== Supplied data ==
- - - - - - -

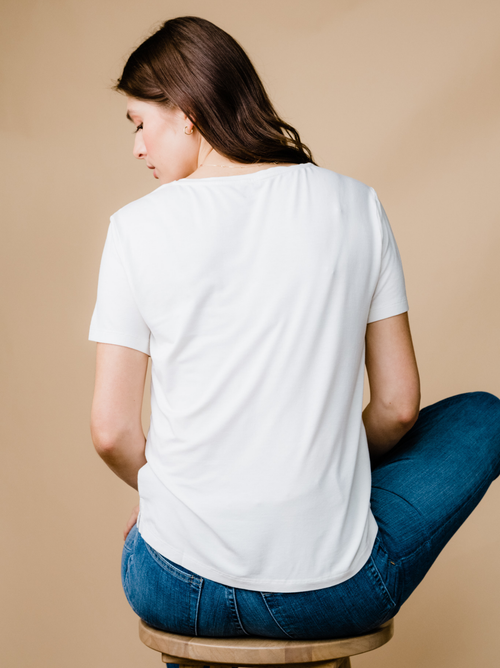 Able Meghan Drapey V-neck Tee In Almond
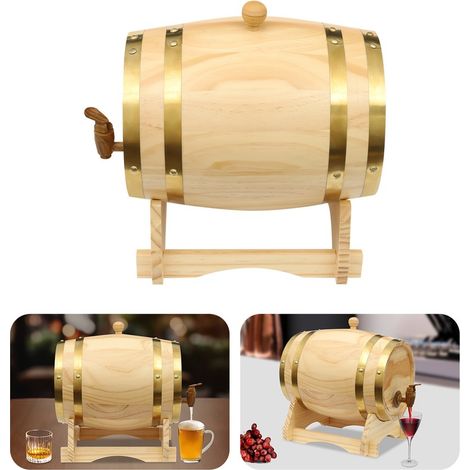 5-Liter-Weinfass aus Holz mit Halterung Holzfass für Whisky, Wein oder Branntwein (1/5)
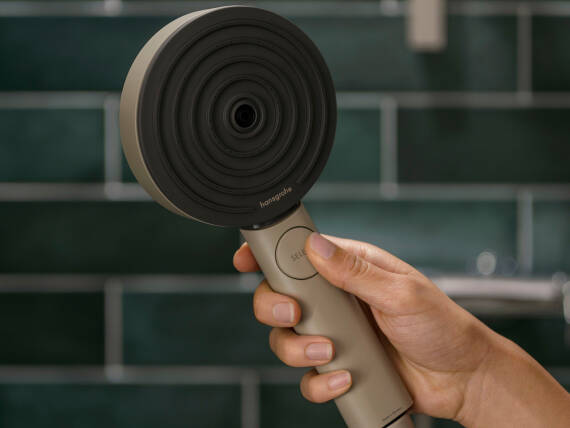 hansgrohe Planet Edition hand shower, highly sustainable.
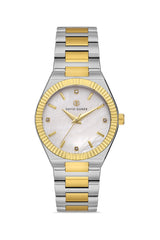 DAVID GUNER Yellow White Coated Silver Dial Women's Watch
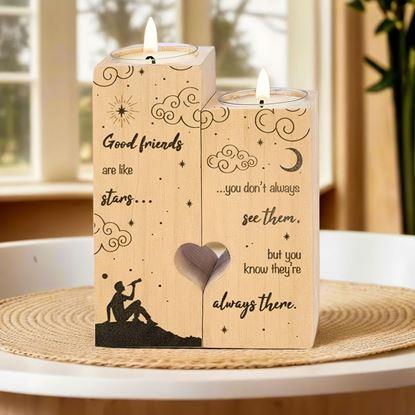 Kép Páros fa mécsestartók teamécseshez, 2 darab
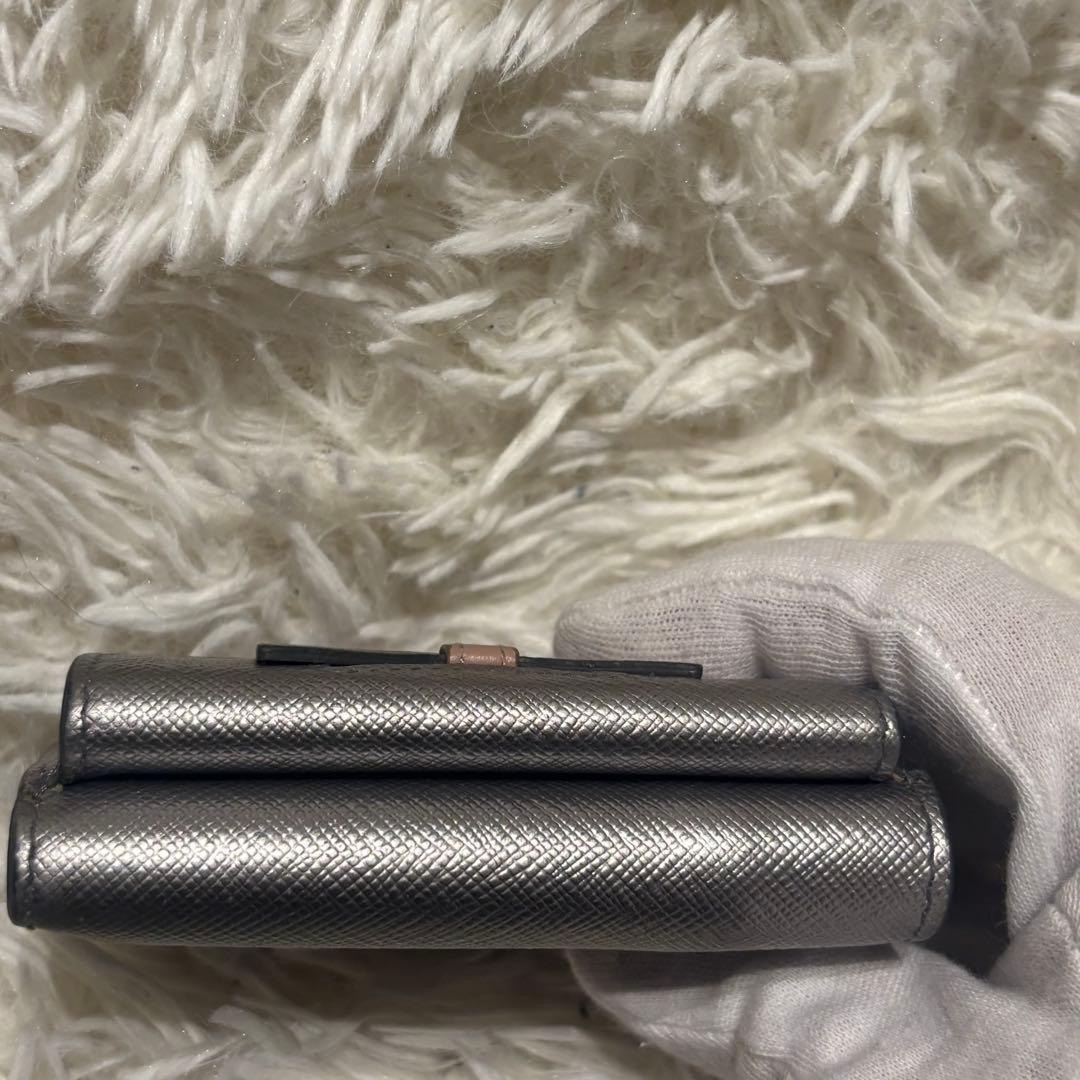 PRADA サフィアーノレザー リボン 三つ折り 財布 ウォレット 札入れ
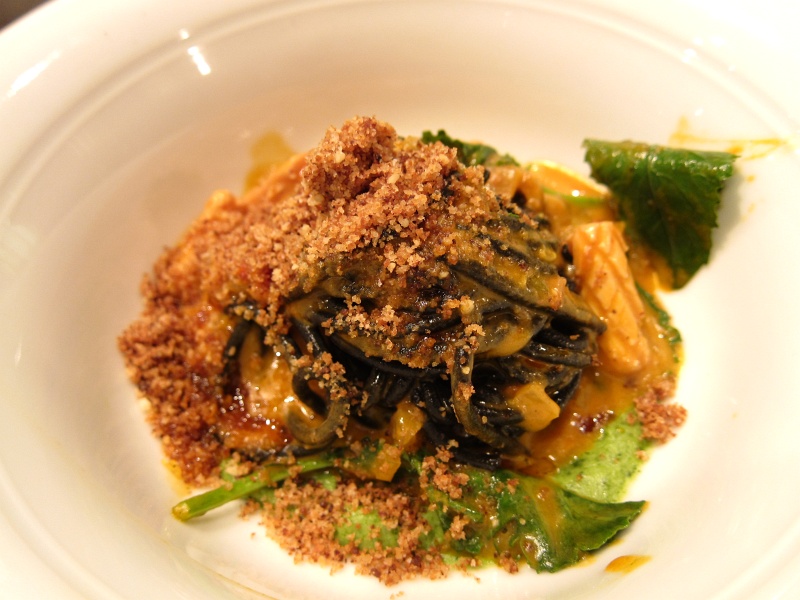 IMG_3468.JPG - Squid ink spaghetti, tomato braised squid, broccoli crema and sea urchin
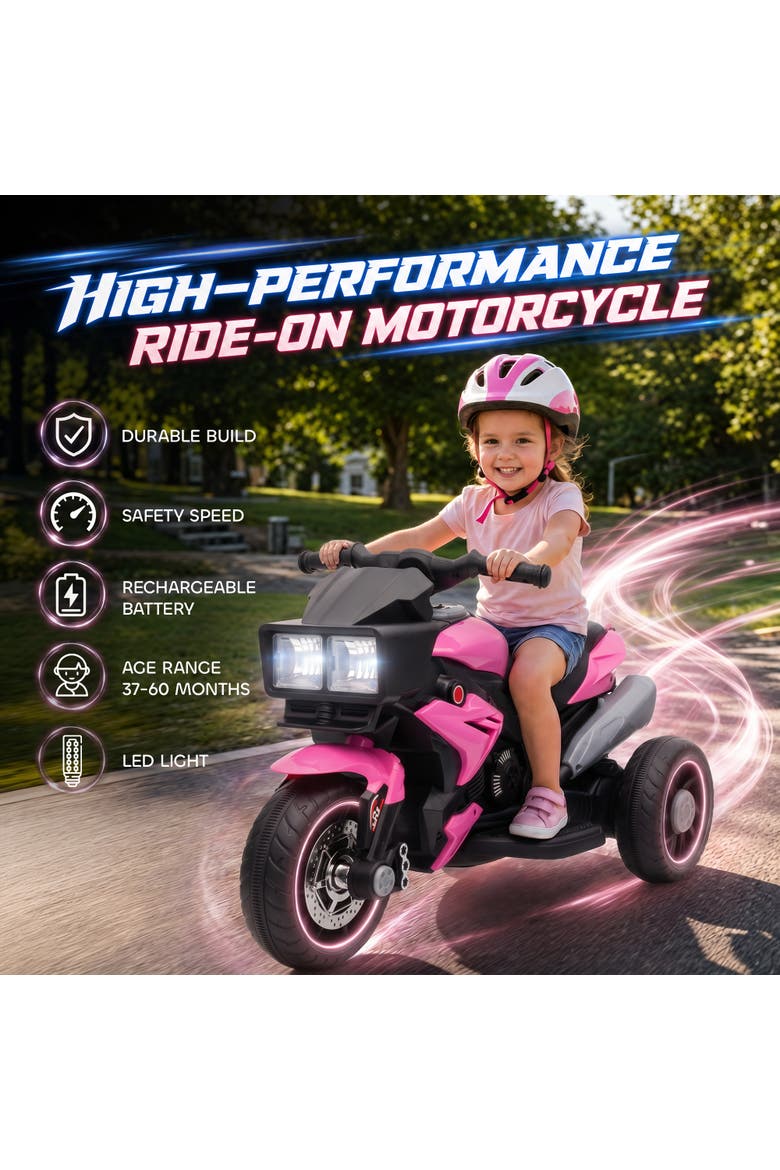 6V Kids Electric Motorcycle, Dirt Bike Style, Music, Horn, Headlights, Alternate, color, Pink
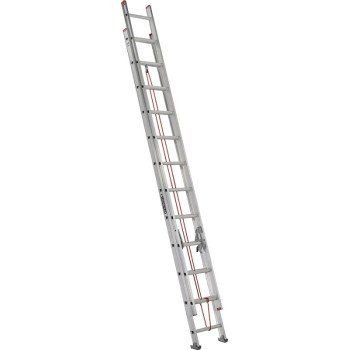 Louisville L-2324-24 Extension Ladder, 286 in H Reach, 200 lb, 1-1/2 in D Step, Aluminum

- - - - - - -

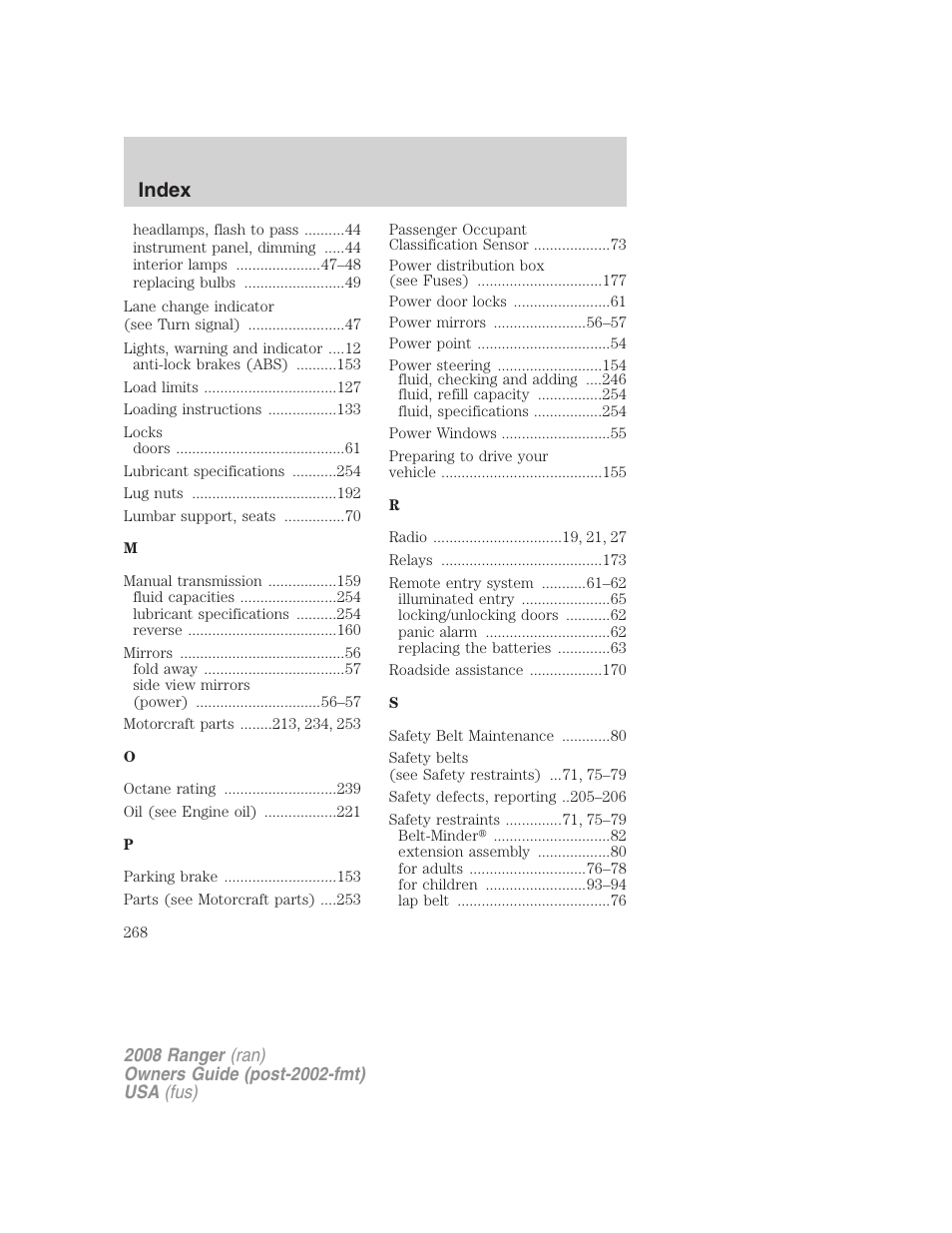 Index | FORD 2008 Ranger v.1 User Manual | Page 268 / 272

- - - - - - -

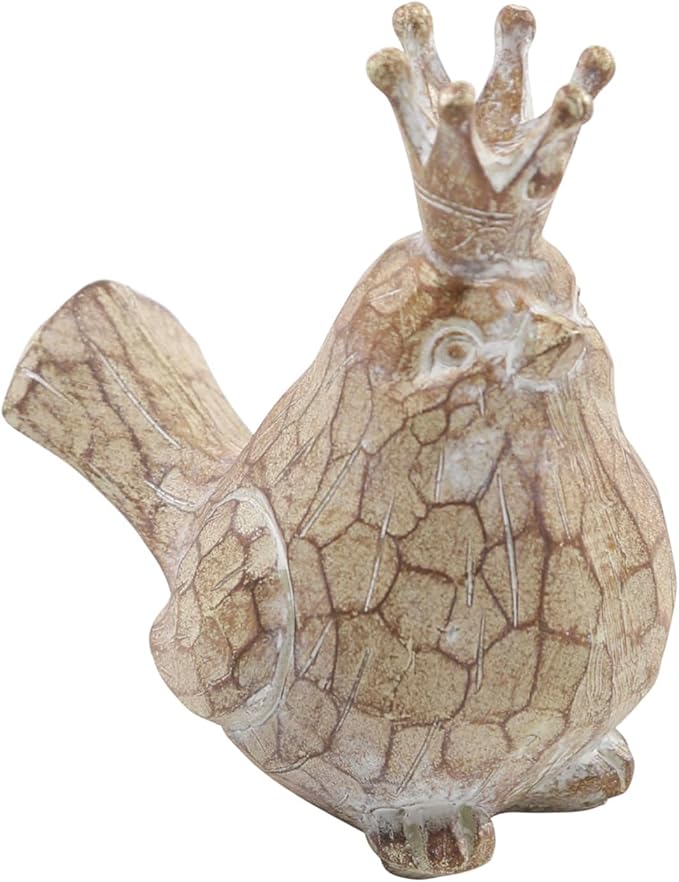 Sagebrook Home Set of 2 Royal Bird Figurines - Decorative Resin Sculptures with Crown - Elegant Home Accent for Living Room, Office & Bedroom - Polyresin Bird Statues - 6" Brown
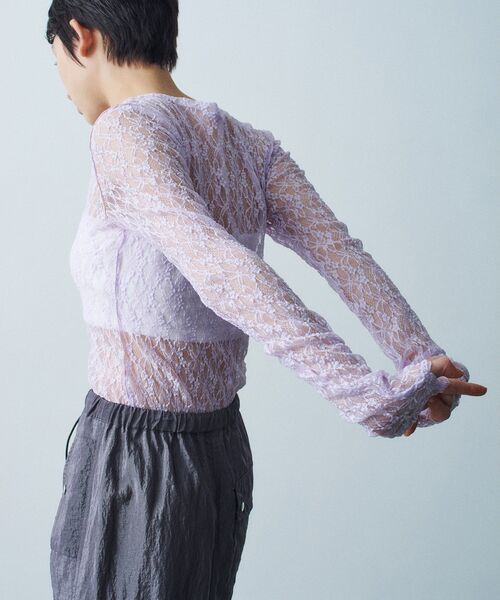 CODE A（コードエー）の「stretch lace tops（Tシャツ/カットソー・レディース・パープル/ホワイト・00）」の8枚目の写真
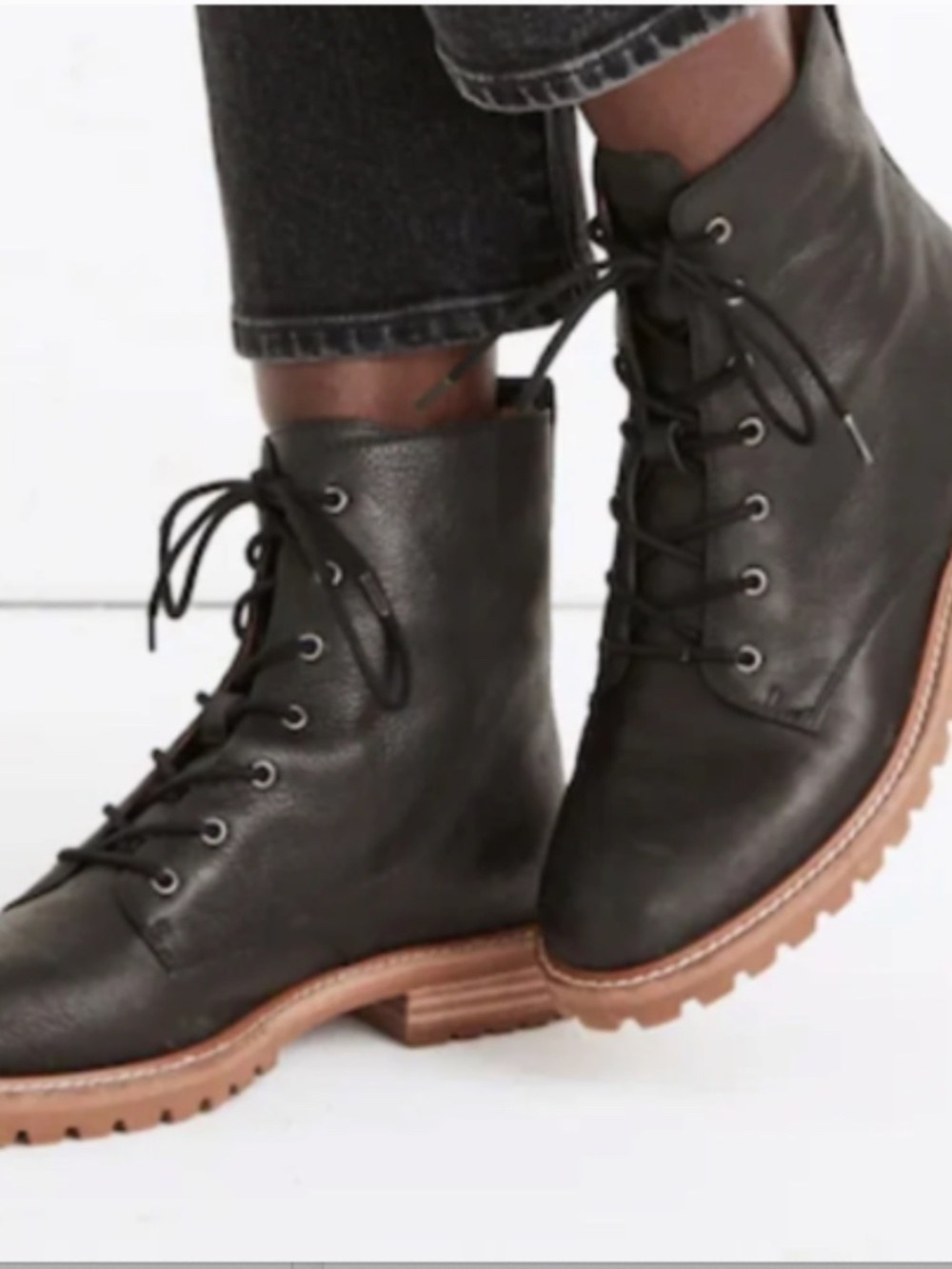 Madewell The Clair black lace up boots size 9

- - - - - - -

== Task to carry out ==
Only the lines starting at the one that includes "Able Meghan Drapey V-neck Tee In Almond" and ending at the one that includes "Louisville L-2324-24 Extension" should be retyped, exactly, from the records above; no pictures.

== Finished exercise ==
 Able Meghan Drapey V-neck Tee In Almond
 5-Liter-Weinfass aus Holz mit Halterung Holzfass für Whisky, Wein oder Branntwein (1/5)
 hansgrohe Planet Edition hand shower, highly sustainable.
 DAVID GUNER Yellow White Coated Silver Dial Women's Watch
 Kép Páros fa mécsestartók teamécseshez, 2 darab
 PRADA サフィアーノレザー リボン 三つ折り 財布 ウォレット 札入れ
 IMG_3468.JPG - Squid ink spaghetti, tomato braised squid, broccoli crema and sea urchin
 6V Kids Electric Motorcycle, Dirt Bike Style, Music, Horn, Headlights, Alternate, color, Pink
 Louisville L-2324-24 Extension Ladder, 286 in H Reach, 200 lb, 1-1/2 in D Step, Aluminum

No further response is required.